FBK Balkan
- Full name: FBK Balkan
- Founded: 22 November 1962
- Ground: Rosengårds Södra IP, Malmö
- Manager: Nebojša Boban
- League: Division 3 Södra Götaland
- 2025: Division 2 Södra Götaland, 14th
| Home colours | Away colours |

= FBK Balkan =

FBK Balkan is a Swedish football club located in the district Rosengård of Malmö. The club was founded on 22 November 1962. They currently play in Division 3 Södra Götaland. The club comes from a Malmö neighbourhood known for its very large immigrant community. Balkan is most famous for being the club where Zlatan Ibrahimović started playing football. Other notable former players for the team include Goran Slavkovski and Valentino Lai.

==History==
FBK Balkan was founded on 22 November 1962 in Malmö by Yugoslav immigrants and is named after the Balkans. The club spent many seasons in Swedish Division 6 but later found their way as high as Division 2. The club is one of the oldest immigrants association in Europe. Players of many nationalities have played at the club, from former Yugoslavia (Serbia, Bosnia and Herzegovina, Slovenia, Croatia, Montenegro, North Macedonia, Kosovo), Romania, Albania, Bulgaria, Turkey and Italy.
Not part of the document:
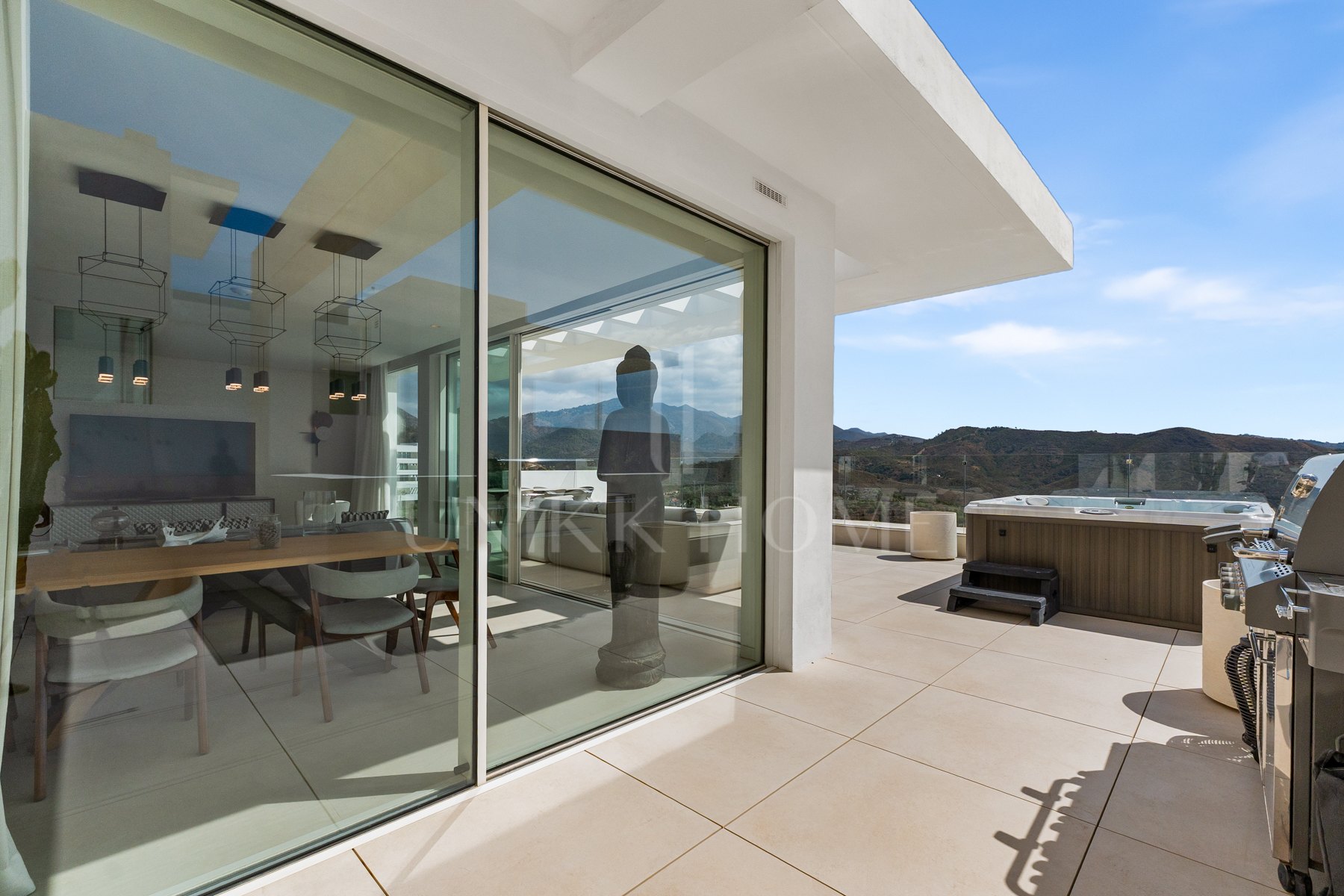 Ático Panorámico con Enorme Terraza y Vistas al Mar en Venta en Palo Alto, Marbella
The club is affiliated to the Skånes Fotbollförbund.

==Season to season==

| Season | Level | Division | Section | Position | Movements |
|---|---|---|---|---|---|
| 1990 | Tier 4 | Division 3 | Södra Götaland | 1st | Promoted |
| 1991 | Tier 3 | Division 2 | Södra Götaland | 7th | Vårserier (Spring Series) |
|  | Tier 3 | Division 2 | Södra Götaland – Hösttvåan | 7th | Höstserier (Autumn Series) – Relegated |
| 1992 | Tier 4 | Division 3 | Södra Götaland B | 4th | Vårserier (Spring Series) |
|  | Tier 4 | Division 3 | Södra Götaland | 5th | Höstserier (Autumn Series) |
| 1993 | Tier 4 | Division 3 | Södra Götaland | 9th |  |
| 1994 | Tier 4 | Division 3 | Södra Götaland | 10th | Relegated |
| 1995 | Tier 5 | Division 4 | Skåne Sydvästra | 4th |  |
| 1996 | Tier 5 | Division 4 | Skåne Sydvästra | 4th |  |
| 1997 | Tier 5 | Division 4 | Skåne Sydvästra | 2nd | Promoted |
| 1998 | Tier 4 | Division 3 | Södra Götaland | 6th |  |
| 1999 | Tier 4 | Division 3 | Södra Götaland | 11th | Relegated |
| 2000 | Tier 5 | Division 4 | Skåne Södra | 3rd | Promotion Playoffs |
| 2001 | Tier 5 | Division 4 | Skåne Södra | 1st | Promoted |
| 2002 | Tier 4 | Division 3 | Södra Götaland | 6th |  |
| 2003 | Tier 4 | Division 3 | Södra Götaland | 9th | Relegation Playoffs – Relegated |
| 2004 | Tier 5 | Division 4 | Skåne Södra | 5th |  |
| 2005 | Tier 5 | Division 4 | Skåne Södra | 3rd | Promotion Playoffs – Promoted |
| 2006* | Tier 4 | Division 3 | Södra Götaland | 7th |  |
| 2007 | Tier 4 | Division 3 | Södra Götaland | 12th | Relegated |
| 2008 | Tier 5 | Division 4 | Skåne Västra | 1st | Promoted |
| 2009 | Tier 4 | Division 3 | Södra Götaland | 7th |  |
| 2010 | Tier 4 | Division 3 | Södra Götaland | 11th | Relegated |
| 2011 | Tier 5 | Division 4 | Skåne Sydvästra | 10th | Relegation Playoffs |
| 2012 | Tier 5 | Division 4 | Skåne Sydvästra | 9th | Relegation Playoffs |
| 2013 | Tier 5 | Division 4 | Skåne Sydvästra | 9th | Relegation Playoffs |
| 2014 | Tier 5 | Division 4 | Skåne Sydvästra | 10th | Relegation Playoffs |
| 2015 | Tier 5 | Division 4 | Skåne Sydvästra | 5th |  |
| 2016 | Tier 5 | Division 4 | Skåne Sydvästra | 6th |  |
| 2017 | Tier 5 | Division 4 | Skåne Sydvästra | 2nd | Promoted |
| 2018 | Tier 4 | Division 3 | Skåne Sydvästra | 7th |  |
| 2019 | Tier 4 | Division 3 | Skåne Sydvästra | 4th |  |
| 2020 | Tier 4 | Division 3 | Södra Götaland | 1st | Promoted |

- League restructuring in 2006 resulted in a new division being created at Tier 3 and subsequent divisions dropping a level.

==Attendances==
In recent seasons, FBK Balkan have had the following average attendances:

| Season | Average attendance | Division / Section | Level |
|---|---|---|---|
| 2005 | Not available | Div 4 Skåne Södra | Tier 6 |
| 2006 | 103 | Div 3 Södra Götaland | Tier 5 |
| 2007 | 89 | Div 3 Södra Götaland | Tier 5 |
| 2008 | Not available | Div 4 Skåne Södra | Tier 6 |
| 2009 | 106 | Div 3 Södra Götaland | Tier 5 |
| 2010 | 91 | Div 3 Södra Götaland | Tier 5 |

- Attendances are provided in the Publikliga sections of the Svenska Fotbollförbundet website.